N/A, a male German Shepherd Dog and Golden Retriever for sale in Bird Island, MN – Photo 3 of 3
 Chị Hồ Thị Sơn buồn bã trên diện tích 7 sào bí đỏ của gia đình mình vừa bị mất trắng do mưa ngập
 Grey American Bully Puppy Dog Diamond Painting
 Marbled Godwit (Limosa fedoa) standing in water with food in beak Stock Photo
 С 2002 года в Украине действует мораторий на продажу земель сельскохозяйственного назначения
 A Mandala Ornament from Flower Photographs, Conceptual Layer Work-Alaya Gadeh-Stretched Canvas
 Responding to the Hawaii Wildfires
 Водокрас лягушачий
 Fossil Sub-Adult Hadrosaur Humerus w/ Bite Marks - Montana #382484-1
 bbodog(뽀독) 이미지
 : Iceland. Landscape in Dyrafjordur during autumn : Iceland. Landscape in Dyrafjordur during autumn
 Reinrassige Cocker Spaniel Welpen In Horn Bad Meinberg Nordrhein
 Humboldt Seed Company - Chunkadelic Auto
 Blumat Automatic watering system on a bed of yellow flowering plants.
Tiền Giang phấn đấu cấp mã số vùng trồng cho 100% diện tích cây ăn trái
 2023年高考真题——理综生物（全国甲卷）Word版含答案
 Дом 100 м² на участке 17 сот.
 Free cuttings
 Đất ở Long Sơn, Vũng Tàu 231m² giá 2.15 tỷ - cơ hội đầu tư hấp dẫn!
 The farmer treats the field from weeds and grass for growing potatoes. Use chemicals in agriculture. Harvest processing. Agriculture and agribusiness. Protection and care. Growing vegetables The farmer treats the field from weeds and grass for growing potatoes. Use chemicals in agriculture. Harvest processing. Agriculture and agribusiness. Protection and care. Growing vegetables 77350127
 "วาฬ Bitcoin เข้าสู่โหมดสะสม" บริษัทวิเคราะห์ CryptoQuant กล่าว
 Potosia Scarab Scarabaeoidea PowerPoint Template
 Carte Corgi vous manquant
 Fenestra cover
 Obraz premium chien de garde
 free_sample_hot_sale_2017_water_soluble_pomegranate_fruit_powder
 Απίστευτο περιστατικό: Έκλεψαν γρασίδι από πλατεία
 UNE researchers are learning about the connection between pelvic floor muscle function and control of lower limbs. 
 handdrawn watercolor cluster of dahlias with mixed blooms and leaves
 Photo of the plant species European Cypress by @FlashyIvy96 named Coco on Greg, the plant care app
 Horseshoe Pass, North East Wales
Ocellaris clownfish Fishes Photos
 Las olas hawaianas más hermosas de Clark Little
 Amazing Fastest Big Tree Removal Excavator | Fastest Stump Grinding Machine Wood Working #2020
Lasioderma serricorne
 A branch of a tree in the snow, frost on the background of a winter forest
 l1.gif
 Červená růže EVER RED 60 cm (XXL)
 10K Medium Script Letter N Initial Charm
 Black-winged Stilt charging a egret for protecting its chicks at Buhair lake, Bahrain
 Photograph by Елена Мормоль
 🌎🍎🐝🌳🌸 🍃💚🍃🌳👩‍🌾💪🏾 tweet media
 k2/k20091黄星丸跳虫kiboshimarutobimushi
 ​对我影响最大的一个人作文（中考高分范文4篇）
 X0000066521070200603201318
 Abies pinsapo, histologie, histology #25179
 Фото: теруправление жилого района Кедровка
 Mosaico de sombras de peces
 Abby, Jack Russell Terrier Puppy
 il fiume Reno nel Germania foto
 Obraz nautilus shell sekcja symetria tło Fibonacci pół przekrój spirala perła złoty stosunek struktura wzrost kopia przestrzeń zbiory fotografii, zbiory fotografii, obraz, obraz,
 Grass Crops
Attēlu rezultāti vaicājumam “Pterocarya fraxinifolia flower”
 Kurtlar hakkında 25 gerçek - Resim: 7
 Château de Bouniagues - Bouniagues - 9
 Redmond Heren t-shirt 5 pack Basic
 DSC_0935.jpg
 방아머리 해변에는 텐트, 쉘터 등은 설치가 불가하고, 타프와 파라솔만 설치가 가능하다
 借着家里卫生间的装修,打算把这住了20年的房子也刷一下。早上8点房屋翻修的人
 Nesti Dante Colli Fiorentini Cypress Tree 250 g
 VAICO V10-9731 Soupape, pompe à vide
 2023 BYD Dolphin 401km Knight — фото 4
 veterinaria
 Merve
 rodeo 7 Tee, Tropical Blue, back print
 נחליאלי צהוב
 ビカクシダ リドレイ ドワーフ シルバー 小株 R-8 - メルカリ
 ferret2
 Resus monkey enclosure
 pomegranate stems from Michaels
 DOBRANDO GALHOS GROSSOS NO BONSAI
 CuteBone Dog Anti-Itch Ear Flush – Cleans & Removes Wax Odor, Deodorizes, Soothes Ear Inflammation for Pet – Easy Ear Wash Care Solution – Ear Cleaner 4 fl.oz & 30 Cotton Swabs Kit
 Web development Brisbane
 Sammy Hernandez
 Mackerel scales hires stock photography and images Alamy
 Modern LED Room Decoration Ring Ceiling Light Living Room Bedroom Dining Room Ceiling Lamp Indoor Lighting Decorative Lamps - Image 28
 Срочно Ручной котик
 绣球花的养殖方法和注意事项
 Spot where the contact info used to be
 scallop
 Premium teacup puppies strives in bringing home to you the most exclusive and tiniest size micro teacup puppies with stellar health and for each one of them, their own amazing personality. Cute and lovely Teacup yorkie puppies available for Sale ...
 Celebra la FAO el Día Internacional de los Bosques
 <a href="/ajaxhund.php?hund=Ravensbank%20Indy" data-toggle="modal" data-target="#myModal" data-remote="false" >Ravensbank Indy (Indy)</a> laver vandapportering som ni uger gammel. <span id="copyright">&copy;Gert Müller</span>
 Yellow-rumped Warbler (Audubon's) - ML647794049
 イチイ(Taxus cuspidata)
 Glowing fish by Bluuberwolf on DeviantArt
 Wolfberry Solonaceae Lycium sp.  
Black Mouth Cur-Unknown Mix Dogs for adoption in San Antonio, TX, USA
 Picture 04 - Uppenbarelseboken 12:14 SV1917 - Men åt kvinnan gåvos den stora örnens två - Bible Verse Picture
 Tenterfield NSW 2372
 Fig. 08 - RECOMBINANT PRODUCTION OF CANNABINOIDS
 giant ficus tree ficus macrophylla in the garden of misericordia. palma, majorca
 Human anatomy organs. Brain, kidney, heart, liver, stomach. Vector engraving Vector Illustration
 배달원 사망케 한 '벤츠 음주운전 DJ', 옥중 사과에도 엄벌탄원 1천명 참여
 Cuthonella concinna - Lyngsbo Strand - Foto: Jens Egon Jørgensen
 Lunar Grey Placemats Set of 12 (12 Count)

-=-=-=-=-

Problem statement
With nothing added or dropped, write out every entry.

Answer to this task
N/A, a male German Shepherd Dog and Golden Retriever for sale in Bird Island, MN – Photo 3 of 3
 Chị Hồ Thị Sơn buồn bã trên diện tích 7 sào bí đỏ của gia đình mình vừa bị mất trắng do mưa ngập
 Grey American Bully Puppy Dog Diamond Painting
 Marbled Godwit (Limosa fedoa) standing in water with food in beak Stock Photo
 С 2002 года в Украине действует мораторий на продажу земель сельскохозяйственного назначения
 A Mandala Ornament from Flower Photographs, Conceptual Layer Work-Alaya Gadeh-Stretched Canvas
 Responding to the Hawaii Wildfires
 Водокрас лягушачий
 Fossil Sub-Adult Hadrosaur Humerus w/ Bite Marks - Montana #382484-1
 bbodog(뽀독) 이미지
 : Iceland. Landscape in Dyrafjordur during autumn : Iceland. Landscape in Dyrafjordur during autumn
 Reinrassige Cocker Spaniel Welpen In Horn Bad Meinberg Nordrhein
 Humboldt Seed Company - Chunkadelic Auto
 Blumat Automatic watering system on a bed of yellow flowering plants.
Tiền Giang phấn đấu cấp mã số vùng trồng cho 100% diện tích cây ăn trái
 2023年高考真题——理综生物（全国甲卷）Word版含答案
 Дом 100 м² на участке 17 сот.
 Free cuttings
 Đất ở Long Sơn, Vũng Tàu 231m² giá 2.15 tỷ - cơ hội đầu tư hấp dẫn!
 The farmer treats the field from weeds and grass for growing potatoes. Use chemicals in agriculture. Harvest processing. Agriculture and agribusiness. Protection and care. Growing vegetables The farmer treats the field from weeds and grass for growing potatoes. Use chemicals in agriculture. Harvest processing. Agriculture and agribusiness. Protection and care. Growing vegetables 77350127
 "วาฬ Bitcoin เข้าสู่โหมดสะสม" บริษัทวิเคราะห์ CryptoQuant กล่าว
 Potosia Scarab Scarabaeoidea PowerPoint Template
 Carte Corgi vous manquant
 Fenestra cover
 Obraz premium chien de garde
 free_sample_hot_sale_2017_water_soluble_pomegranate_fruit_powder
 Απίστευτο περιστατικό: Έκλεψαν γρασίδι από πλατεία
 UNE researchers are learning about the connection between pelvic floor muscle function and control of lower limbs. 
 handdrawn watercolor cluster of dahlias with mixed blooms and leaves
 Photo of the plant species European Cypress by @FlashyIvy96 named Coco on Greg, the plant care app
 Horseshoe Pass, North East Wales
Ocellaris clownfish Fishes Photos
 Las olas hawaianas más hermosas de Clark Little
 Amazing Fastest Big Tree Removal Excavator | Fastest Stump Grinding Machine Wood Working #2020
Lasioderma serricorne
 A branch of a tree in the snow, frost on the background of a winter forest
 l1.gif
 Červená růže EVER RED 60 cm (XXL)
 10K Medium Script Letter N Initial Charm
 Black-winged Stilt charging a egret for protecting its chicks at Buhair lake, Bahrain
 Photograph by Елена Мормоль
 🌎🍎🐝🌳🌸 🍃💚🍃🌳👩‍🌾💪🏾 tweet media
 k2/k20091黄星丸跳虫kiboshimarutobimushi
 ​对我影响最大的一个人作文（中考高分范文4篇）
 X0000066521070200603201318
 Abies pinsapo, histologie, histology #25179
 Фото: теруправление жилого района Кедровка
 Mosaico de sombras de peces
 Abby, Jack Russell Terrier Puppy
 il fiume Reno nel Germania foto
 Obraz nautilus shell sekcja symetria tło Fibonacci pół przekrój spirala perła złoty stosunek struktura wzrost kopia przestrzeń zbiory fotografii, zbiory fotografii, obraz, obraz,
 Grass Crops
Attēlu rezultāti vaicājumam “Pterocarya fraxinifolia flower”
 Kurtlar hakkında 25 gerçek - Resim: 7
 Château de Bouniagues - Bouniagues - 9
 Redmond Heren t-shirt 5 pack Basic
 DSC_0935.jpg
 방아머리 해변에는 텐트, 쉘터 등은 설치가 불가하고, 타프와 파라솔만 설치가 가능하다
 借着家里卫生间的装修,打算把这住了20年的房子也刷一下。早上8点房屋翻修的人
 Nesti Dante Colli Fiorentini Cypress Tree 250 g
 VAICO V10-9731 Soupape, pompe à vide
 2023 BYD Dolphin 401km Knight — фото 4
 veterinaria
 Merve
 rodeo 7 Tee, Tropical Blue, back print
 נחליאלי צהוב
 ビカクシダ リドレイ ドワーフ シルバー 小株 R-8 - メルカリ
 ferret2
 Resus monkey enclosure
 pomegranate stems from Michaels
 DOBRANDO GALHOS GROSSOS NO BONSAI
 CuteBone Dog Anti-Itch Ear Flush – Cleans & Removes Wax Odor, Deodorizes, Soothes Ear Inflammation for Pet – Easy Ear Wash Care Solution – Ear Cleaner 4 fl.oz & 30 Cotton Swabs Kit
 Web development Brisbane
 Sammy Hernandez
 Mackerel scales hires stock photography and images Alamy
 Modern LED Room Decoration Ring Ceiling Light Living Room Bedroom Dining Room Ceiling Lamp Indoor Lighting Decorative Lamps - Image 28
 Срочно Ручной котик
 绣球花的养殖方法和注意事项
 Spot where the contact info used to be
 scallop
 Premium teacup puppies strives in bringing home to you the most exclusive and tiniest size micro teacup puppies with stellar health and for each one of them, their own amazing personality. Cute and lovely Teacup yorkie puppies available for Sale ...
 Celebra la FAO el Día Internacional de los Bosques
 <a href="/ajaxhund.php?hund=Ravensbank%20Indy" data-toggle="modal" data-target="#myModal" data-remote="false" >Ravensbank Indy (Indy)</a> laver vandapportering som ni uger gammel. <span id="copyright">&copy;Gert Müller</span>
 Yellow-rumped Warbler (Audubon's) - ML647794049
 イチイ(Taxus cuspidata)
 Glowing fish by Bluuberwolf on DeviantArt
 Wolfberry Solonaceae Lycium sp.  
Black Mouth Cur-Unknown Mix Dogs for adoption in San Antonio, TX, USA
 Picture 04 - Uppenbarelseboken 12:14 SV1917 - Men åt kvinnan gåvos den stora örnens två - Bible Verse Picture
 Tenterfield NSW 2372
 Fig. 08 - RECOMBINANT PRODUCTION OF CANNABINOIDS
 giant ficus tree ficus macrophylla in the garden of misericordia. palma, majorca
 Human anatomy organs. Brain, kidney, heart, liver, stomach. Vector engraving Vector Illustration
 배달원 사망케 한 '벤츠 음주운전 DJ', 옥중 사과에도 엄벌탄원 1천명 참여
 Cuthonella concinna - Lyngsbo Strand - Foto: Jens Egon Jørgensen
 Lunar Grey Placemats Set of 12 (12 Count)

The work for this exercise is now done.